| The data |
—————

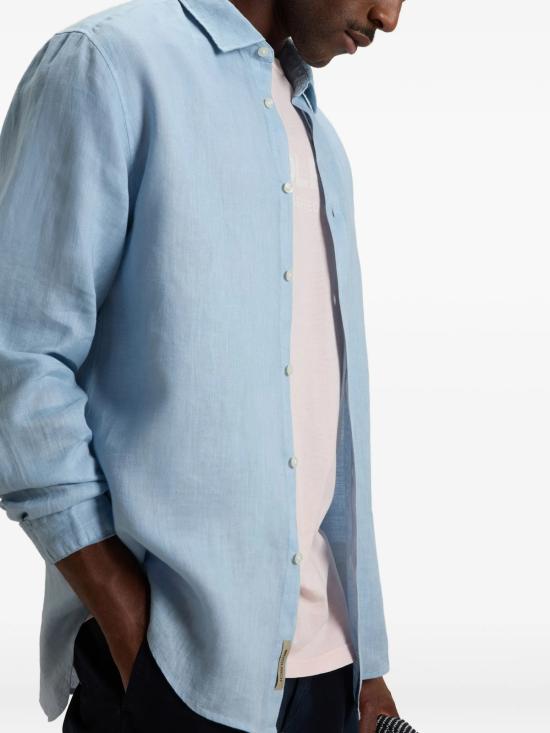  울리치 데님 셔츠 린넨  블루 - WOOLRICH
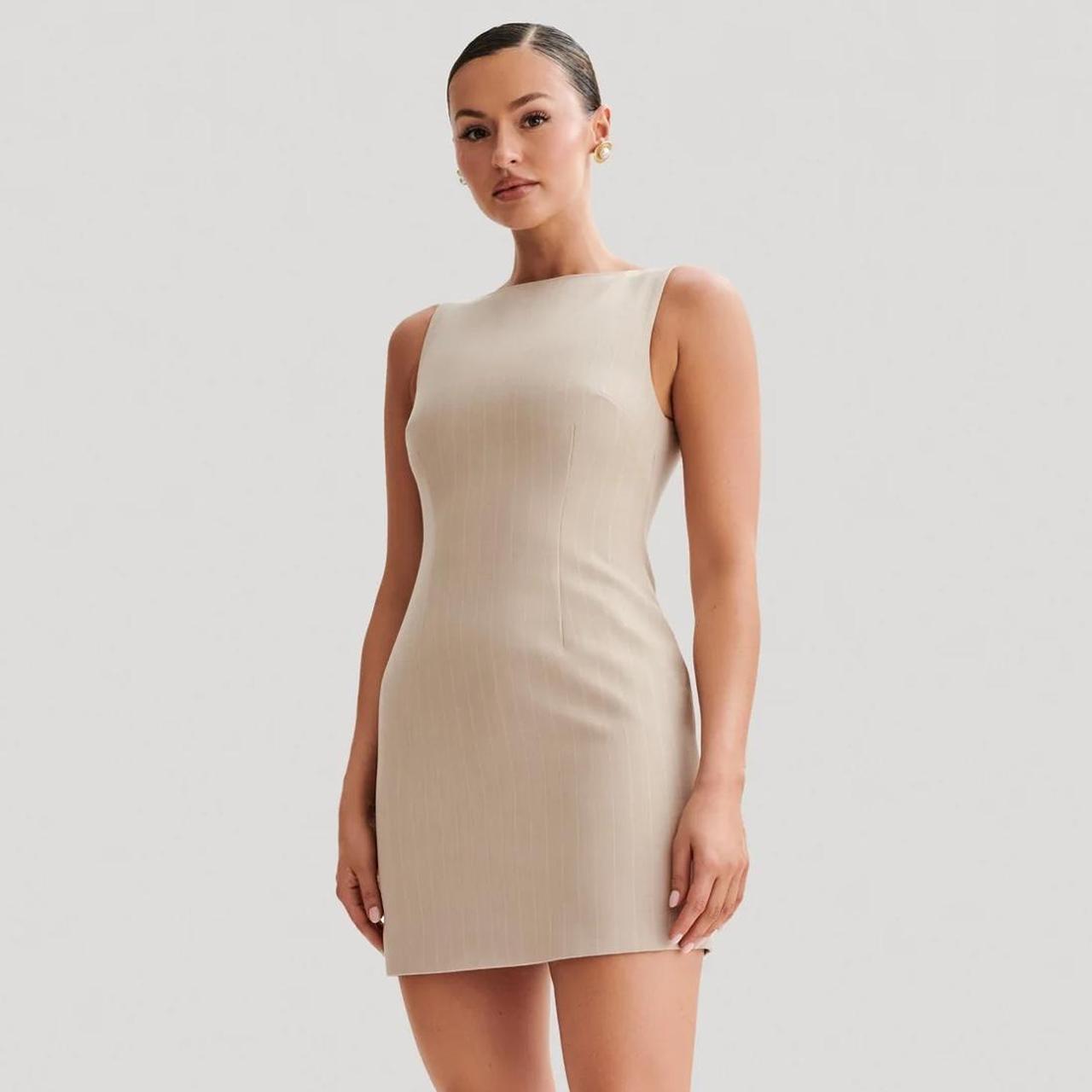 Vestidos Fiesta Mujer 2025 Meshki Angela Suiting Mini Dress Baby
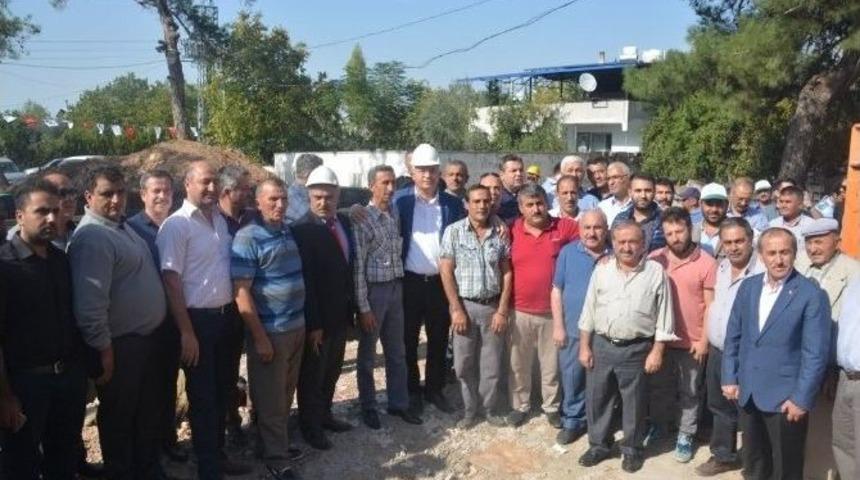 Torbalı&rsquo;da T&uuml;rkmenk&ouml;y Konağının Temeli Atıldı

—————

| Exercise directions |
Word for word, restate only the lines from the one bearing "Vestidos Fiesta Mujer" through the final line of the listing, inclusive, with no pictures.

| Written reply |
 Vestidos Fiesta Mujer 2025 Meshki Angela Suiting Mini Dress Baby
 Torbalı&rsquo;da T&uuml;rkmenk&ouml;y Konağının Temeli Atıldı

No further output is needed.